Even before plugging the Grace into an amplifier, I noticed an extraordinary amount of resonance and sustain when playing chords or single notes. But these qualities are exponentially enhanced when you plug into a nice, clean amp like the silverface Fender Bassman used for this test. With this setup, first-position chords rang with a rather amazing, crystal-clear sustain.
The Viktorian Modern Classic humbuckers are responsive to control input and interact with the body to generate beautifully uniform string-to-string output. The top end has plenty of bite, but there isn’t a trace of harshness whether you’re in humbucker or coil-tapped mode. It makes the Grace wonderfully responsive to a soft touch—this guitar will delight fingerpickers with how well it translates picking nuance.
Interestingly, the hollowbody-and-carbon-fiber combination is a sweet recipe for slide work. Dropped into open D tuning, the neck pickup whistled with potency and sustain of the sort that Ry Cooder would love. And a ceramic slide created a lonesome drawl that exceeded the sustain of just about everything short of an organ with its keys taped down.

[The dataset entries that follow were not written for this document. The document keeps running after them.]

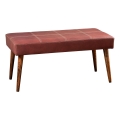 Taburet VITO 46x92 cm červená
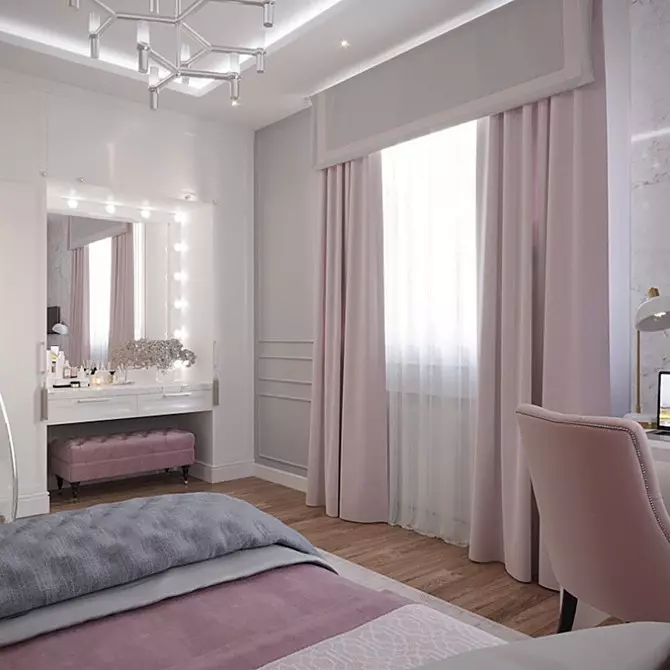 I-Little Bedroom Design 12 SQ.m: Izinketho zesakhiwo ezi-3 nezithombe ezingama-65 7933_32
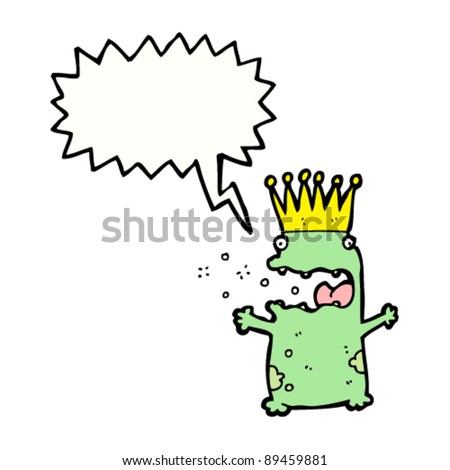 burping frog prince cartoon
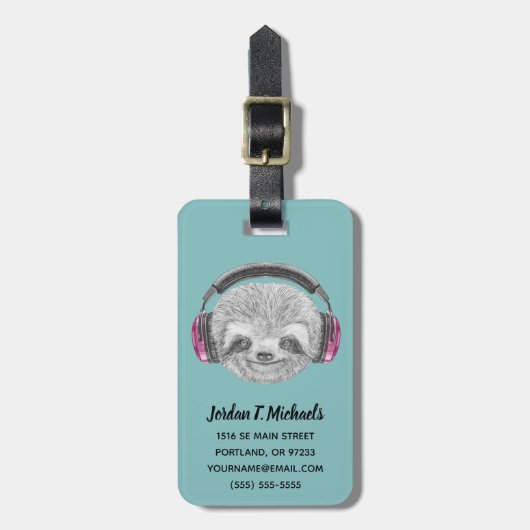 Fügen Sie Ihr Namens| Porträt der Gepäckanhänger (Vorderseite vertikal)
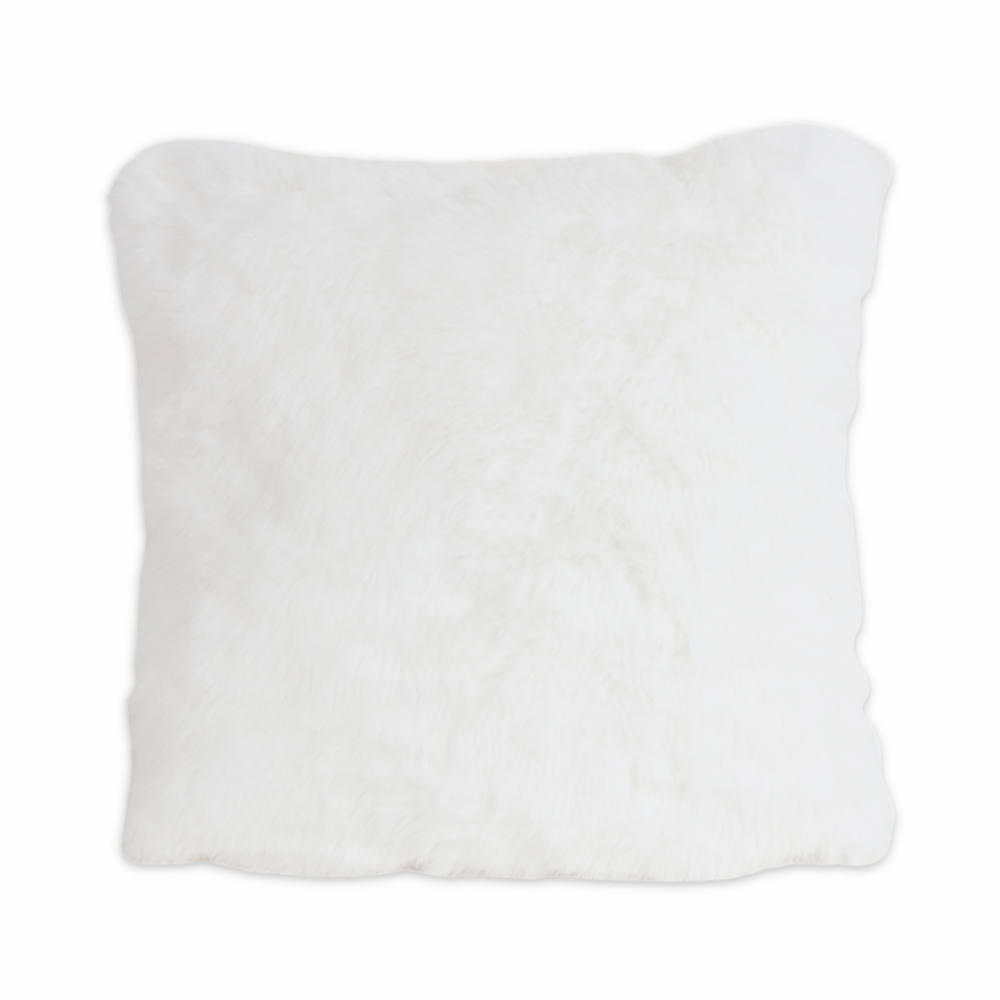 Federa cuscino Luxury pelliccia Bianca 45 x 45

The Grace handled the high-gain tones of an Orange OR50 very well, too. The pickups are hot but not at all screechy, and they exhibited great clarity through extreme tube saturation. That said, fans of the heaviest metal styles may find the Grace a little light on bottom-end girth—galloping palm mutes on the low E aren’t quite as weighty as what get from, say, a Les Paul. What it might lack in grunt, though, the Grace makes up for in versatility, especially given the extra tones you get via the coil taps. Rolling off the volume and splitting the neck pickup delivers a cool, Telecaster-like honk but with an almost Epiphone Casino-style resonance. The fourth position also delivers a killer snapping tone with a cut in the treble range that’s perfect for country or rockabilly picking on cleaner amplification.
At $3,279 street, the Viktorian Grace Status is a bit pricey for many of us. Heck, with that kind of money you could easily buy three pretty nice guitars. But, if you’re looking for just one to cover a ton of ground, the Grace is a marvel. The construction and attention to detail is top notch, and the 1-piece, carbon-fiber design is not only bulletproof and nearly maintenance free (how much is that peace of mind worth to you on the road?), and it all adds up to an uncommonly responsive guitar with a massive tonal scope. Players with strictly old-school tastes probably need not apply, but forward-looking players who appreciate how the guitar can still evolve as an instrument will thrill to this convergence of design and performance.